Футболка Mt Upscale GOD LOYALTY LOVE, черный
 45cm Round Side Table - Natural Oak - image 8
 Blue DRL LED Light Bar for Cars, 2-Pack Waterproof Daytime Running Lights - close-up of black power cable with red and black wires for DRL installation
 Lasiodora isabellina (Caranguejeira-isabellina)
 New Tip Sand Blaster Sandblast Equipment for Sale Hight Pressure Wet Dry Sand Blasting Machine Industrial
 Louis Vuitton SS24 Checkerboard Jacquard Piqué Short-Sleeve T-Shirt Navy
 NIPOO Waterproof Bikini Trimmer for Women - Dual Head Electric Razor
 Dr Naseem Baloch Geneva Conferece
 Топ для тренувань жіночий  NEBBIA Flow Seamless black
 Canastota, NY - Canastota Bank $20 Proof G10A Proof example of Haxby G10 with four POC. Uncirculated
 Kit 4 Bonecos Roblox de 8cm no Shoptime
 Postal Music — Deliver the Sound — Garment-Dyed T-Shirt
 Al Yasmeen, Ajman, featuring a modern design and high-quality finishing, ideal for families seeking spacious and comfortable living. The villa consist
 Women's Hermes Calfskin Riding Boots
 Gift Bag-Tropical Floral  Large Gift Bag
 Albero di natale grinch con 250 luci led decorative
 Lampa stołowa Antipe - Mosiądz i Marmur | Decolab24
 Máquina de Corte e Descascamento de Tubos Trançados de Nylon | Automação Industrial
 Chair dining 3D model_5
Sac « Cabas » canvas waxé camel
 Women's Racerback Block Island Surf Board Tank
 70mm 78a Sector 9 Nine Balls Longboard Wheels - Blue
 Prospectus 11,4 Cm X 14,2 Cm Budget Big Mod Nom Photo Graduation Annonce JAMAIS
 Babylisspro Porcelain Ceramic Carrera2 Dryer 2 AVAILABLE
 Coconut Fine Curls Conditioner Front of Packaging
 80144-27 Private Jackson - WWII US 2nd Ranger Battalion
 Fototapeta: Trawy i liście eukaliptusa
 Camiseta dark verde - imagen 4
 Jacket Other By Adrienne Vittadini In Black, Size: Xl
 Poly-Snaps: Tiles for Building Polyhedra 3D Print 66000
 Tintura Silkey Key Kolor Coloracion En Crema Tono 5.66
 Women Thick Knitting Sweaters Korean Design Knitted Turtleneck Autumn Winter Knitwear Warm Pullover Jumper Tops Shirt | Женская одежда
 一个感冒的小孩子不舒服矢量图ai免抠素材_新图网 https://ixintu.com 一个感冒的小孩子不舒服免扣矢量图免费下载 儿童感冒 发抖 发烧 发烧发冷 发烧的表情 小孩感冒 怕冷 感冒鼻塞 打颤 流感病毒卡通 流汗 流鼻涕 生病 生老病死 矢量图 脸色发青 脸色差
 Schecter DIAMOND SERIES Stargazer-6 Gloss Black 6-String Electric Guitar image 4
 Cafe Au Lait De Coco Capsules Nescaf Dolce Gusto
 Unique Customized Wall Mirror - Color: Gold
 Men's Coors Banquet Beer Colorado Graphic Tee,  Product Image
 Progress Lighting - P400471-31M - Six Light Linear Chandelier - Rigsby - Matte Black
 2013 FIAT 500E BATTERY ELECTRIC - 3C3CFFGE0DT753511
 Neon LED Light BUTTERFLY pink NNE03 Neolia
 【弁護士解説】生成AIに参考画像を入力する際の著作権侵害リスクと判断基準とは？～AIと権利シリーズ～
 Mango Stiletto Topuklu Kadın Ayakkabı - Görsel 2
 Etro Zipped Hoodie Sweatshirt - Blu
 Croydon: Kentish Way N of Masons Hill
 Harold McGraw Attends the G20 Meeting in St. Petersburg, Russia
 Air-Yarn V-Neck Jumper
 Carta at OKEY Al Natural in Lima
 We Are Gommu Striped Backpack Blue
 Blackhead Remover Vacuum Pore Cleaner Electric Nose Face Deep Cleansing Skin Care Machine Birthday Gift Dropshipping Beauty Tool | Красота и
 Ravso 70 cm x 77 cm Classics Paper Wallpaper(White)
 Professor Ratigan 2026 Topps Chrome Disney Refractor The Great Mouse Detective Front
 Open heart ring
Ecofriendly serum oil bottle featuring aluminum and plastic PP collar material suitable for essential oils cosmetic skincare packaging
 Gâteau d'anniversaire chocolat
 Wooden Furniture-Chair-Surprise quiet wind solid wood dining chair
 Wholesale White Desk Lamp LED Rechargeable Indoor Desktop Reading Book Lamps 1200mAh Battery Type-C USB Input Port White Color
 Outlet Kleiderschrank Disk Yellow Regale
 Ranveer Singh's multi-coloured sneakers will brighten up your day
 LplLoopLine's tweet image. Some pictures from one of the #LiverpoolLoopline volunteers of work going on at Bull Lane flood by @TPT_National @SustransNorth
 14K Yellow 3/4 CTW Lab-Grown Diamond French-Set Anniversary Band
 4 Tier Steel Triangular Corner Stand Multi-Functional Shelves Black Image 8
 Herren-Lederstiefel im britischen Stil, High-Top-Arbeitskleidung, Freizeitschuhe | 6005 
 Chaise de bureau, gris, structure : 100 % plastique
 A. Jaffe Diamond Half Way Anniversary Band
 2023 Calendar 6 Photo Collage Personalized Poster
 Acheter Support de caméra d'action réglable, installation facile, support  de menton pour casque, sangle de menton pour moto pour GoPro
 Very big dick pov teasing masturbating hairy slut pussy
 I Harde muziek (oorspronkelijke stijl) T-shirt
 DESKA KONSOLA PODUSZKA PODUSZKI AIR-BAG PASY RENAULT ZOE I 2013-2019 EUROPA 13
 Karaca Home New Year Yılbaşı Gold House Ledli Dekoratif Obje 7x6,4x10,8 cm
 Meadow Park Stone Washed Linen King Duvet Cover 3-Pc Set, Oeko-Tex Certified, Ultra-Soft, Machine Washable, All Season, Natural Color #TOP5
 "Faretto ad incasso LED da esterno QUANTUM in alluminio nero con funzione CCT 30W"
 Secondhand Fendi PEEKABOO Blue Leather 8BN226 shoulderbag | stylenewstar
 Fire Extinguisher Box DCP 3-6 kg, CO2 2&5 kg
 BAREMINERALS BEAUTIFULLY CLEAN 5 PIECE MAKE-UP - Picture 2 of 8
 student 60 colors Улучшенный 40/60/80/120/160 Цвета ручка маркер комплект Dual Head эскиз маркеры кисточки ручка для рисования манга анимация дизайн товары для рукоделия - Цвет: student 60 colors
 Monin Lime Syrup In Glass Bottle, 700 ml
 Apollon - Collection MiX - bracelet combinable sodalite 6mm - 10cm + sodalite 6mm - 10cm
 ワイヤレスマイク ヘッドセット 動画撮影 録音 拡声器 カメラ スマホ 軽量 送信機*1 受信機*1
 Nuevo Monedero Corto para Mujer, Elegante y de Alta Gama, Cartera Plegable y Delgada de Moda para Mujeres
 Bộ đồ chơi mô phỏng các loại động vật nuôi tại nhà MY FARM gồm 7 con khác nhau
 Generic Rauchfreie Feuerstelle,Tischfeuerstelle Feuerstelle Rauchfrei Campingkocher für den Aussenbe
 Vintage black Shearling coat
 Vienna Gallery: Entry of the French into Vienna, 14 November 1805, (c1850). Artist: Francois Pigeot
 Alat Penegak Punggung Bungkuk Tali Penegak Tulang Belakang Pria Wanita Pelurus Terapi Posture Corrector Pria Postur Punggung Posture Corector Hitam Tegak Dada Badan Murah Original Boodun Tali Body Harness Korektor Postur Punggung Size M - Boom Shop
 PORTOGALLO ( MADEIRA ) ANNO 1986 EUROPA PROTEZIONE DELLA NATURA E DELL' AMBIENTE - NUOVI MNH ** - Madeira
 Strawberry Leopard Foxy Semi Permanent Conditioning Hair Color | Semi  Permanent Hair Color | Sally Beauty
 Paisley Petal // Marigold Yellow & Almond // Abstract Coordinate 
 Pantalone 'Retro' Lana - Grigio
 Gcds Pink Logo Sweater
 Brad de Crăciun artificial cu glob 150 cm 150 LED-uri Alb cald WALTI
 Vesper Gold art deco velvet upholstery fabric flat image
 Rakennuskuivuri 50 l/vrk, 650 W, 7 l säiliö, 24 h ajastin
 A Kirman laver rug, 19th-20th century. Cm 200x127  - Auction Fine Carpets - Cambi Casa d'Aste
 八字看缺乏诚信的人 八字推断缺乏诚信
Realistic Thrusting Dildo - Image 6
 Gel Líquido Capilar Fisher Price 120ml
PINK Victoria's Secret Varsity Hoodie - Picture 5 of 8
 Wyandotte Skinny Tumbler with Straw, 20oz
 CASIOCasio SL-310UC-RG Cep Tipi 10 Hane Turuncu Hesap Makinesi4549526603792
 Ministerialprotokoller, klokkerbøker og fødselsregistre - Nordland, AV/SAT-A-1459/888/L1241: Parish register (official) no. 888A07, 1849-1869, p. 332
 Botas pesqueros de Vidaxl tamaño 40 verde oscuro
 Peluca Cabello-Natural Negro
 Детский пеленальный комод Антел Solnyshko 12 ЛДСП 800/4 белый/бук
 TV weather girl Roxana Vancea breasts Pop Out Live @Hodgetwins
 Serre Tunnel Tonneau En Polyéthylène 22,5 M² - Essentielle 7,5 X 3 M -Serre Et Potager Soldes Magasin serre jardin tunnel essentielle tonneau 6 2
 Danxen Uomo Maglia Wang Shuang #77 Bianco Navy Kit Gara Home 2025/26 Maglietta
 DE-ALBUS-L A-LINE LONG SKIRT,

■ ■ ■

> **Work task**: Within the listing above, locate the line containing "ad incasso LED" and the line containing "BAREMINERALS BEAUTIFULLY CLEAN". Reproduce those two lines and all lines between them exactly, with nothing added.

> **Solution to the exercise**:
 "Faretto ad incasso LED da esterno QUANTUM in alluminio nero con funzione CCT 30W"
 Secondhand Fendi PEEKABOO Blue Leather 8BN226 shoulderbag | stylenewstar
 Fire Extinguisher Box DCP 3-6 kg, CO2 2&5 kg
 BAREMINERALS BEAUTIFULLY CLEAN 5 PIECE MAKE-UP - Picture 2 of 8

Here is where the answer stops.